== Source material ==
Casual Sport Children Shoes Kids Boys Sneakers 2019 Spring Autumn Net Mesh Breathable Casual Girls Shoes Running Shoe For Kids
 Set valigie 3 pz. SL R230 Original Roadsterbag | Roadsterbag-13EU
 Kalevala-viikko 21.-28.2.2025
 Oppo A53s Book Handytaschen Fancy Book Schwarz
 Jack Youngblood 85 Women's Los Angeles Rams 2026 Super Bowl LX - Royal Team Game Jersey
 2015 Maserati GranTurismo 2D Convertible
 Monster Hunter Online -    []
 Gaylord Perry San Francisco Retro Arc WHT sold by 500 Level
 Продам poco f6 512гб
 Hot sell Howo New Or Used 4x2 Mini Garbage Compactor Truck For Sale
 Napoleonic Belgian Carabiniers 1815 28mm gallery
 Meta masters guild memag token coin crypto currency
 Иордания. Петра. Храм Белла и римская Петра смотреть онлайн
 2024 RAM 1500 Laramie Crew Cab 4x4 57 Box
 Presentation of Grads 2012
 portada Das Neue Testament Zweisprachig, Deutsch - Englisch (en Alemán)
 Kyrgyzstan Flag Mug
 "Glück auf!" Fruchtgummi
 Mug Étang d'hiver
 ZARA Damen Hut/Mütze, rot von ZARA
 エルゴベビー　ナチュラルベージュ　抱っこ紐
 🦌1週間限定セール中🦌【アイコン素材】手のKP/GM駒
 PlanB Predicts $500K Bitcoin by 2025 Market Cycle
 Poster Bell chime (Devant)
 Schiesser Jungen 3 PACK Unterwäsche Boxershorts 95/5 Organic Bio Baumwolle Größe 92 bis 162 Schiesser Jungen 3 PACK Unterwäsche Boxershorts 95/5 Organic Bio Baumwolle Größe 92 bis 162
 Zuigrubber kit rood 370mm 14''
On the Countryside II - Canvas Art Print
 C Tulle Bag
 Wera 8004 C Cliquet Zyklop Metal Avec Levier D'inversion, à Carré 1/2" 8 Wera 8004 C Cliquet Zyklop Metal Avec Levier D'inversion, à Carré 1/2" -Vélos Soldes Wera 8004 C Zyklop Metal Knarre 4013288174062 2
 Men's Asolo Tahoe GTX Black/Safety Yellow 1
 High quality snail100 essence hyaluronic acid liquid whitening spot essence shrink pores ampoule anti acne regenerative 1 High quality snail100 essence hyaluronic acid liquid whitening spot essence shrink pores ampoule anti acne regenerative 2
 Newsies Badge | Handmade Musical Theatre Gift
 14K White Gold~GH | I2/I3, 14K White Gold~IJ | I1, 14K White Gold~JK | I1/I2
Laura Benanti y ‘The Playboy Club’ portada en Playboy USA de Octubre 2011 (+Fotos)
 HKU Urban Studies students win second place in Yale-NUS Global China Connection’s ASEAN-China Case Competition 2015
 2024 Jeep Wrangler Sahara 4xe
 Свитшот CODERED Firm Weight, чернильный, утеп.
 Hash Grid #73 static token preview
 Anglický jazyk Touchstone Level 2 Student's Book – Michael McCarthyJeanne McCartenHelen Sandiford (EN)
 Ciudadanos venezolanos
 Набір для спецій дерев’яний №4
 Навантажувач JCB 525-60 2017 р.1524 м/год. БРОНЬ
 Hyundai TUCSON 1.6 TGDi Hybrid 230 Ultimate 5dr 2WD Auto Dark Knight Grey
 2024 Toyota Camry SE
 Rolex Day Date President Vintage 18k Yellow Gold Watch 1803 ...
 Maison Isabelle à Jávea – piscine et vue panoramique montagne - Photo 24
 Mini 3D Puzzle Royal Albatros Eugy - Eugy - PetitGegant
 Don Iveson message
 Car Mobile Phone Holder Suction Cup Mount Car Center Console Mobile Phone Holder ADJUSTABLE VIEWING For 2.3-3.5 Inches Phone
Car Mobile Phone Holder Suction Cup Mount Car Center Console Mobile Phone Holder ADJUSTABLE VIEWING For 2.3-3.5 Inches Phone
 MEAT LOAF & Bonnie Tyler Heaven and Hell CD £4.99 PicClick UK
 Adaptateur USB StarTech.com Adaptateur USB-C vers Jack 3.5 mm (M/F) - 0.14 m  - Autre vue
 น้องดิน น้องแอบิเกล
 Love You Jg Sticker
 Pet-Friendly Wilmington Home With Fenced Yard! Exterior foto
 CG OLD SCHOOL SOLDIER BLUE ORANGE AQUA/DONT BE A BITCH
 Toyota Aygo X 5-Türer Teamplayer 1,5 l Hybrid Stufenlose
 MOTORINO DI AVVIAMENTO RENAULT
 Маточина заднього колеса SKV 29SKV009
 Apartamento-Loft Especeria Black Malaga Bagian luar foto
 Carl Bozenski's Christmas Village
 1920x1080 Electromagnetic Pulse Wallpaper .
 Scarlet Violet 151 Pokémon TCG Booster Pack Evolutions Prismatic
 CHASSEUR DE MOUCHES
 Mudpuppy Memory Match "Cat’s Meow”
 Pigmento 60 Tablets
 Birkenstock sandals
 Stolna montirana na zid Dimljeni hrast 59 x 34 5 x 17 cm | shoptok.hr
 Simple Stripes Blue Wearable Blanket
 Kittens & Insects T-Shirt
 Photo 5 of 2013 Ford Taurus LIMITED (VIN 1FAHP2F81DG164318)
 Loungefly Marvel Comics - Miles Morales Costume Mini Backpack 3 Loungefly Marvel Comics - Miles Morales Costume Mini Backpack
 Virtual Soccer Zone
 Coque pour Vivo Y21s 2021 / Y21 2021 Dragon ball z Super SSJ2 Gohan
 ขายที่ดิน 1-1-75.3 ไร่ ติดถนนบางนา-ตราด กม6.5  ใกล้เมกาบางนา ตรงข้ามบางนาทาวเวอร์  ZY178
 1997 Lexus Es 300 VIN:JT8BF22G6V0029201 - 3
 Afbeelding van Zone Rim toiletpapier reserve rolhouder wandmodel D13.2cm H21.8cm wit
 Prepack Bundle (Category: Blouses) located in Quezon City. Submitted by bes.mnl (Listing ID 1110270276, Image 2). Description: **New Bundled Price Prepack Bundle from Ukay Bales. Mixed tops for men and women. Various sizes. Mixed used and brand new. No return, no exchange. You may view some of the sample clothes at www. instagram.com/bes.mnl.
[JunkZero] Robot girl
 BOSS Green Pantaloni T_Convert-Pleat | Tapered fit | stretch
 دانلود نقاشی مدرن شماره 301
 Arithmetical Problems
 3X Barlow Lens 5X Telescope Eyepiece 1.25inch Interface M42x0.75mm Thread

== Activity ==
From the data above, reproduce word for word the lines running from the line with "น้องดิน น้องแอบิเกล" to the line with "Photo 5 of 2013", ends included.

== Solution to the problem ==
 น้องดิน น้องแอบิเกล
 Love You Jg Sticker
 Pet-Friendly Wilmington Home With Fenced Yard! Exterior foto
 CG OLD SCHOOL SOLDIER BLUE ORANGE AQUA/DONT BE A BITCH
 Toyota Aygo X 5-Türer Teamplayer 1,5 l Hybrid Stufenlose
 MOTORINO DI AVVIAMENTO RENAULT
 Маточина заднього колеса SKV 29SKV009
 Apartamento-Loft Especeria Black Malaga Bagian luar foto
 Carl Bozenski's Christmas Village
 1920x1080 Electromagnetic Pulse Wallpaper .
 Scarlet Violet 151 Pokémon TCG Booster Pack Evolutions Prismatic
 CHASSEUR DE MOUCHES
 Mudpuppy Memory Match "Cat’s Meow”
 Pigmento 60 Tablets
 Birkenstock sandals
 Stolna montirana na zid Dimljeni hrast 59 x 34 5 x 17 cm | shoptok.hr
 Simple Stripes Blue Wearable Blanket
 Kittens & Insects T-Shirt
 Photo 5 of 2013 Ford Taurus LIMITED (VIN 1FAHP2F81DG164318)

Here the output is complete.